When was the last time you felt in love with your husband? I'm not talking about the "I love you" he sends in a text after you've finished discussing what to make for dinner or the "Love you!" that you say to him right before he leaves for work. I mean that deep happiness that one feels when they realize they wouldn't want to be with anyone else at that moment.
The answer for my husband and I? Well... I can't remember.
When was the last time you fought with your husband? Well we all know that one.
It was last night - He had come home late from work and the first thing he did when he walked thru the door was make some snide comment about the dishes. (Which the sink was only about 1/3rd of the way full)
It grew from there into a screaming match about how he had to work all day while I was probably at home doing my nails or playing on a Facebook game like Farmville.
Of course he would have known, had he been home, that I spent 5 hours on the phone with the internet company's customer service, took the dog to the vet, went grocery shopping and still managed to finish my many other house duties... with the exception of the four plates and one pan that sat in our sink.
Our night ended with him sleeping on the couch and myself viciously finishing the dishes.

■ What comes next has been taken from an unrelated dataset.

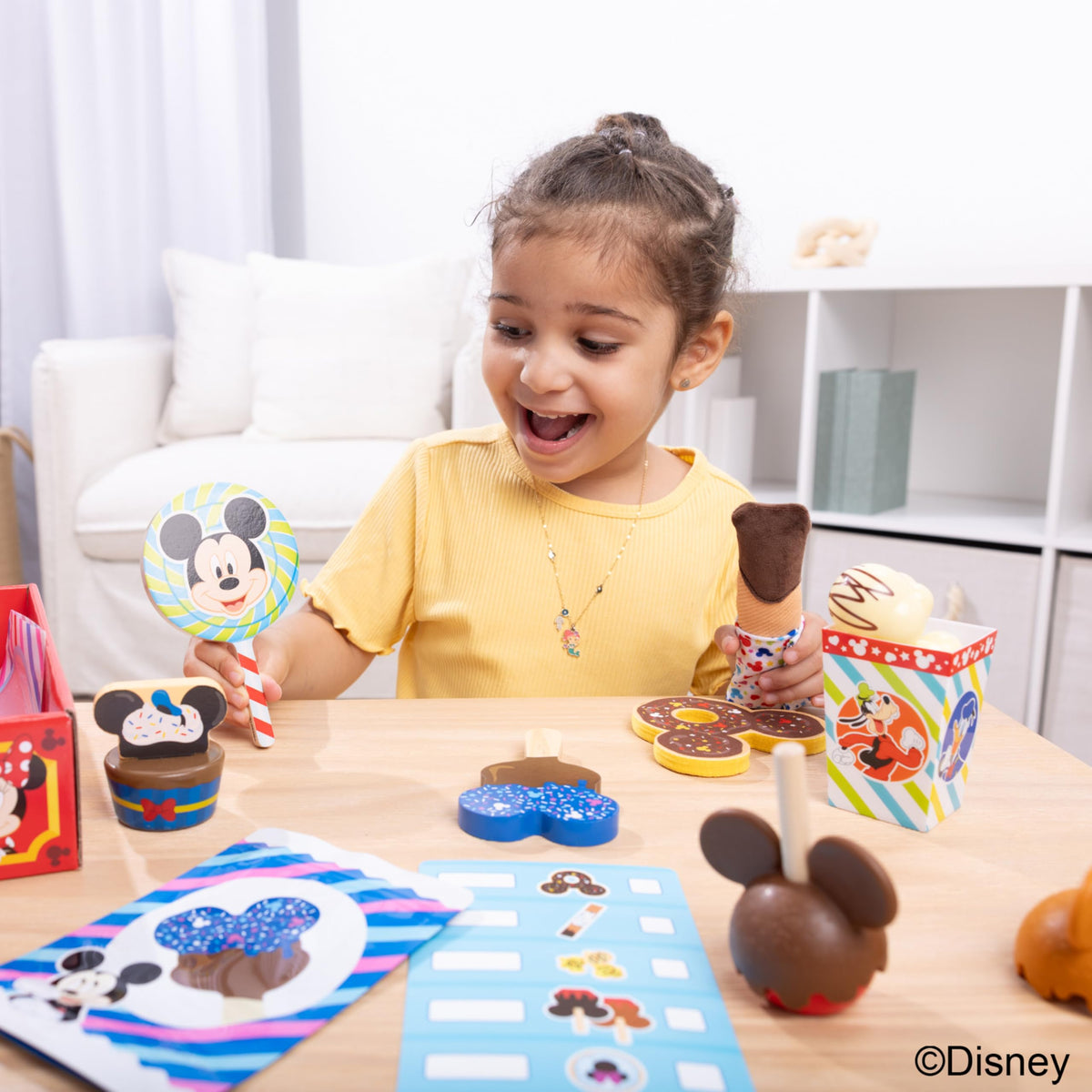 Melissa & Doug Disney wooden cupcake encourages sorting and imaginative dining.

In fact, it seemed most of our night's ended that way now. Sure we tried to watch a movie together now and then (if we can even agree on one.) But it wasn't the same.
We had both sunk into a routine of stress and blame... lashing out at eachother as we only had eachother to lash out at.
Its going to be tough getting out of this cycle but I'm hoping that recognizing it is the first step. Our marriage of three years already seemed to be winding its way back to where it started... strangers.
Maybe one day I'll be able to remember the last time we were truly in love... and hopefully it'll help me remember how to get back to that.